Records supplied Block Start

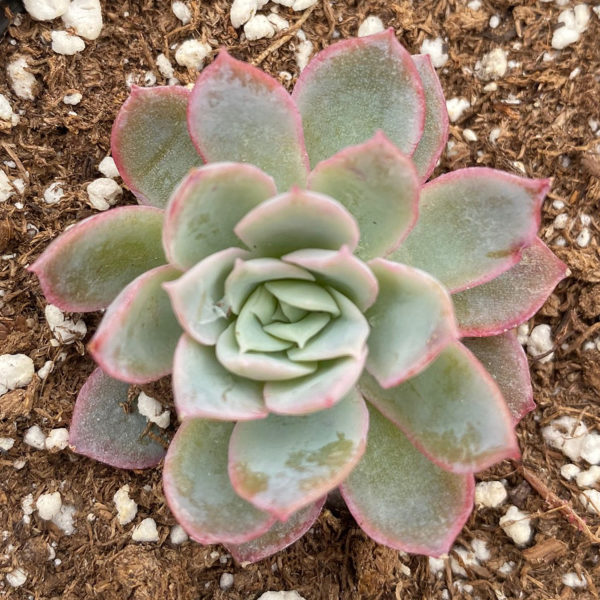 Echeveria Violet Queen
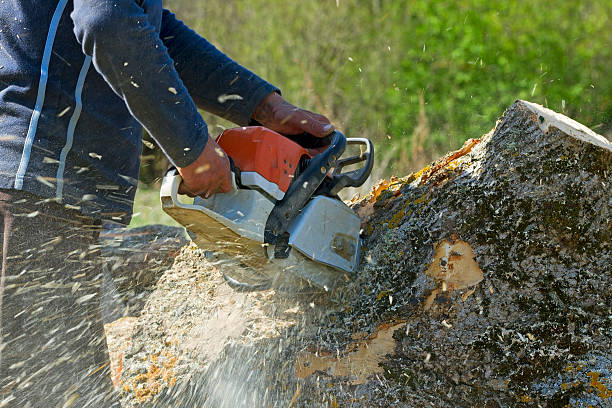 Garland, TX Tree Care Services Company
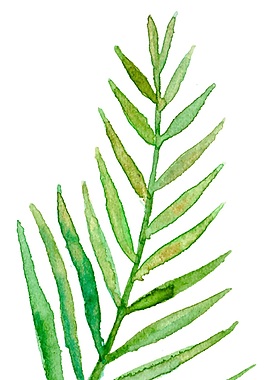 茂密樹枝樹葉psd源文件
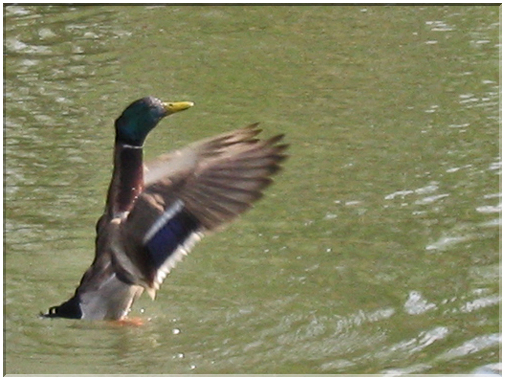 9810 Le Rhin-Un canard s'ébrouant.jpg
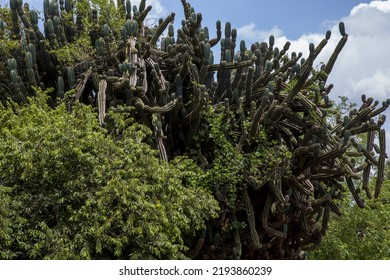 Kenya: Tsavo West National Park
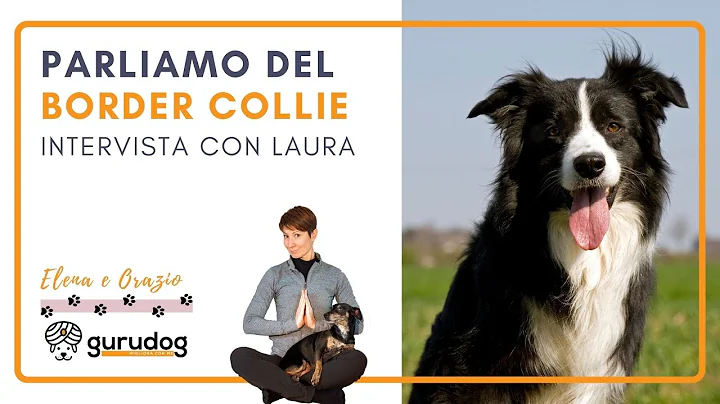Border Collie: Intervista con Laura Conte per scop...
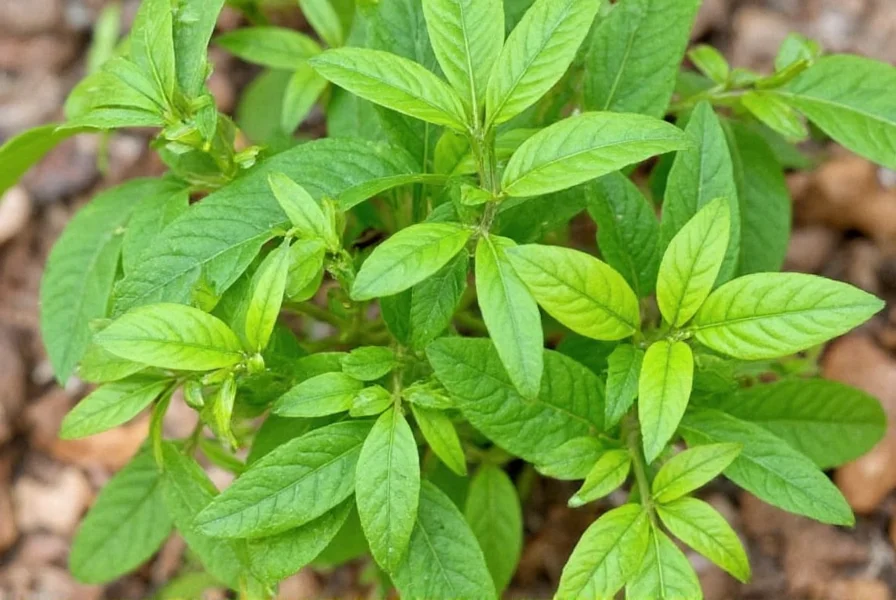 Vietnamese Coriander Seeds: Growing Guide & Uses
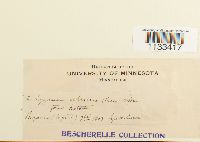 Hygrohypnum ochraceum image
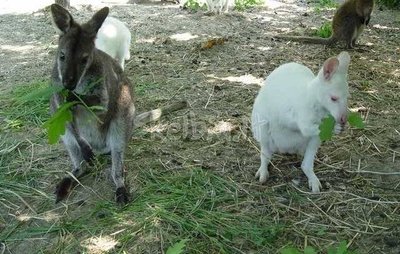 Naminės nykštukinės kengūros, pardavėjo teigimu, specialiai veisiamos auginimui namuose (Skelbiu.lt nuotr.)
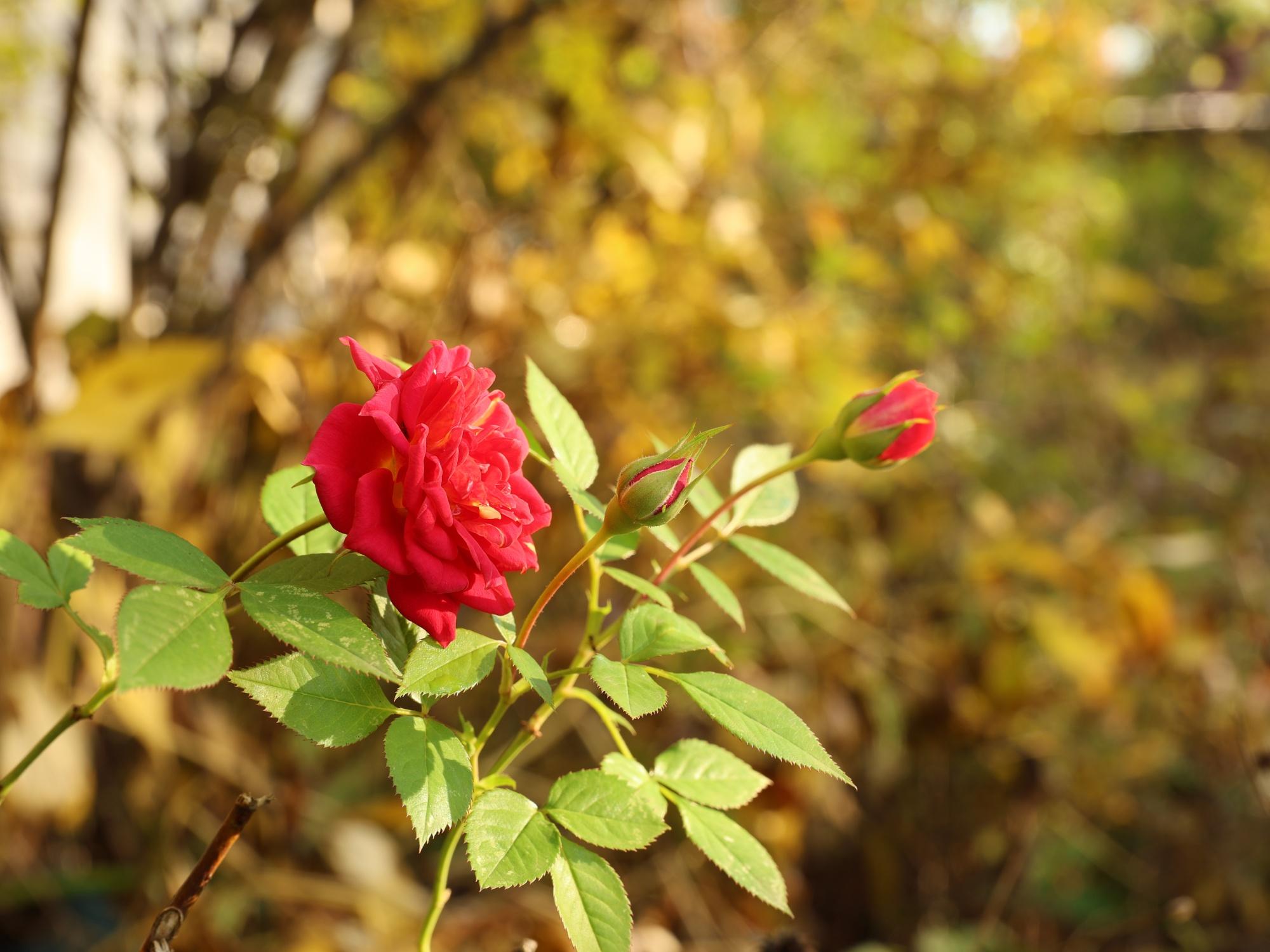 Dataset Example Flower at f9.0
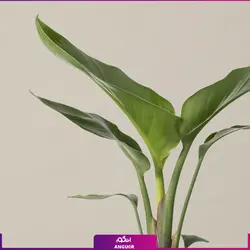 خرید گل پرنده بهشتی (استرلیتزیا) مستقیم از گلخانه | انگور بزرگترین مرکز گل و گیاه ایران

Records supplied Block End
Records supplied Block Start

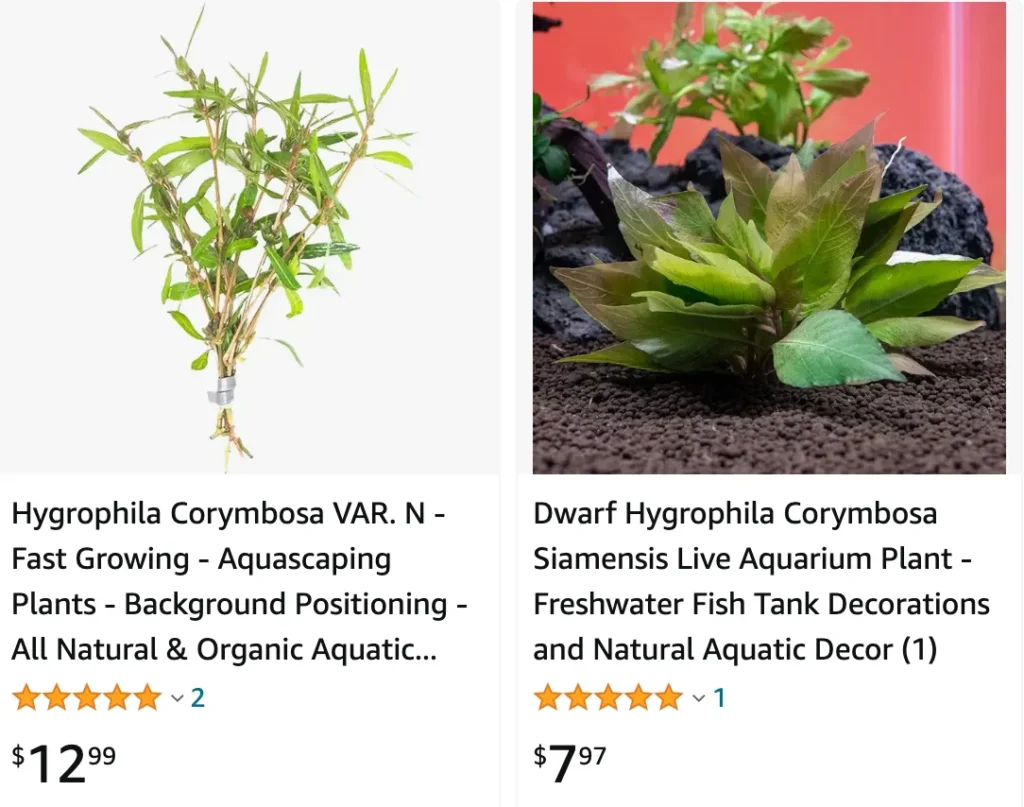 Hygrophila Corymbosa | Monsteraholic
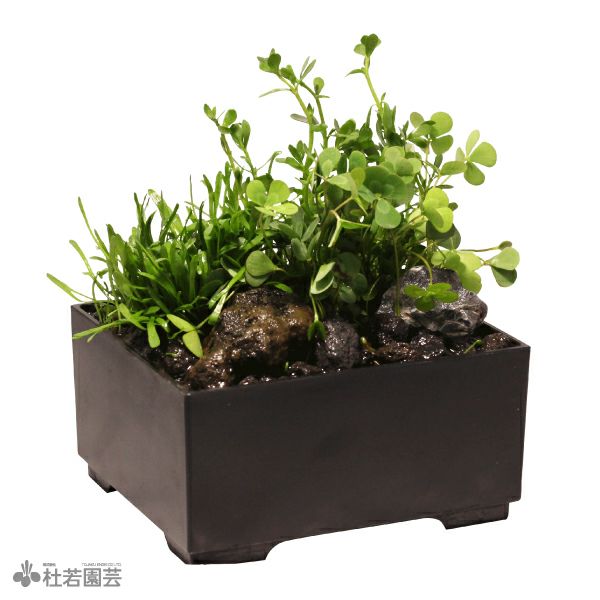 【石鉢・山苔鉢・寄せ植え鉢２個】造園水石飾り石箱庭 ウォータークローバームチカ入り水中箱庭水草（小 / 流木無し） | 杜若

Records supplied Block End

Action item » For the material above, give again only the lines starting at the line that contains "Echeveria Violet Queen" and ending at the line that contains "خرید گل پرنده". Pictures do not belong in the copy.

Output below »
 Echeveria Violet Queen
 Garland, TX Tree Care Services Company
 茂密樹枝樹葉psd源文件
 9810 Le Rhin-Un canard s'ébrouant.jpg
 Kenya: Tsavo West National Park
Border Collie: Intervista con Laura Conte per scop...
 Vietnamese Coriander Seeds: Growing Guide & Uses
 Hygrohypnum ochraceum image
 Naminės nykštukinės kengūros, pardavėjo teigimu, specialiai veisiamos auginimui namuose (Skelbiu.lt nuotr.)
 Dataset Example Flower at f9.0
 خرید گل پرنده بهشتی (استرلیتزیا) مستقیم از گلخانه | انگور بزرگترین مرکز گل و گیاه ایران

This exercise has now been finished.